Waymire v. Industrial Claim Appeals Office of State of Colo.

Citation924 P.2d 1168
Decision Date02 May 1996
Docket NumberNo. 95CA1186,95CA1186
PartiesRonald WAYMIRE, Jr., as dependent of Claimant Ronald Waymire, Petitioner, v. The INDUSTRIAL CLAIM APPEALS OFFICE of the STATE OF COLORADO, City of Las Animas and Colorado Compensation Insurance Authority, Respondents. . I
CourtCourt of Appeals of Colorado

Michael W. Seckar, Pueblo, for Petitioner.

Dufford & Brown, P.C., Douglas A. Thomas, Douglas P. Ruegsegger, Denver, Colorado Compensation Insurance Authority, Brandee L. DeFalco, Denver, for Respondents City of Las Animas and Colorado Compensation Insurance Authority.

No Appearance for The Industrial Claim Appeals Office of the State of Colorado.

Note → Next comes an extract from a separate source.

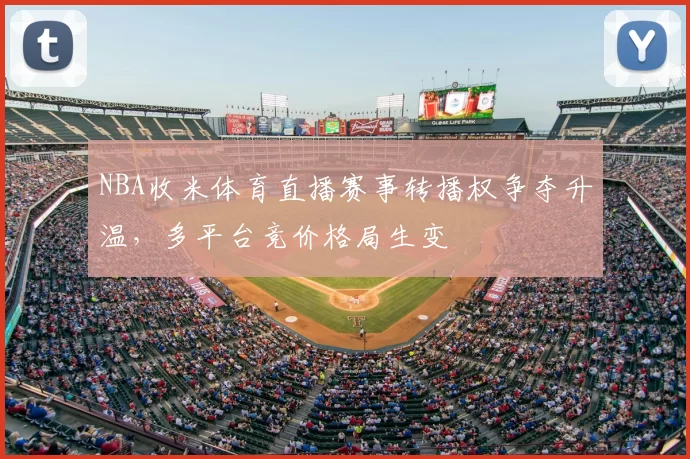 NBA收米体育直播赛事转播权争夺升温,多平台竞价格局生变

Opinion by Judge DAVIDSON.

Petitioner, Ronald Waymire (claimant), seeks review of a final order of the Industrial Claim Appeals Panel (Panel) which affirmed an order of the Administrative Law Judge (ALJ) denying his claim for medical impairment benefits. We affirm.

The parties stipulated to the pertinent facts. As a result of an industrial injury in November 1991, the City of Las Animas and Colorado Compensation Insurance Authority (collectively CCIA) admitted that claimant is permanently and totally disabled. Claimant agreed with this admission and CCIA began paying permanent total disability benefits.

Additionally, claimant's treating physician opined that the claimant has a one hundred percent medical impairment resulting from the industrial injury. After an independent medical examination (IME) performed pursuant to § 8-42-107(8), C.R.S. (1995 Cum.Supp.), the IME physician opined that the claimant has a ninety-seven percent medical impairment. The parties stipulated to this rating.

Under these circumstances, the claimant argued to an ALJ that he should be entitled to receive contemporaneous payment of permanent total disability benefits under § 8-42-111, C.R.S. (1995 Cum.Supp.) and "medical impairment benefits" under § 8-42-107(8)(d), C.R.S. (1995 Cum.Supp.). The ALJ concluded, however, that "medical impairment benefits" awarded under § 8-42-107(8) are a form of "permanent partial disability benefits." Relying on Kehm v. Continental Grain, 756 P.2d 381 (Colo.App.1987), the ALJ concluded that a contemporaneous award of permanent total disability benefits and medical impairment benefits was not permissible and denied claimant's claim in that regard. The Panel affirmed the ALJ and this appeal followed.

On appeal, claimant contends that the ALJ erred in denying his claim for a simultaneous award of medical impairment and permanent total disability benefits. We disagree.

In Kehm v. Continental Grain, supra, a division of this court held that a claimant was not entitled to a simultaneous award of permanent partial disability and permanent total disability benefits. The division reasoned that it was theoretically impossible to be more than totally disabled and that simultaneous awards could induce malingering by making it more profitable to be disabled than to work.

Here, claimant argues, in essence, that the rationale underlying Kehm was that both permanent partial and permanent total disability benefits compensated a claimant for the same loss, i.e., loss of earning capacity. Thus, a simultaneous award of both benefits would constitute double compensation for the same loss. However, claimant distinguishes Kehm from his situation.

He argues that medical impairment benefits, which were created by the 1991 amendments to the Act, are not awarded for "lost earning capacity," but for physical impairment and are calculated differently than either permanent partial or permanent total disability benefits. Based on these differences, he reasons that medical impairment benefits are not the equivalent of permanent partial disability benefits and do not compensate a claimant for the same loss as permanent total disability benefits. Therefore, his argument continues, a simultaneous award of medical impairment benefits and permanent total disability benefits would not compensate a claimant twice for the same loss. We disagree.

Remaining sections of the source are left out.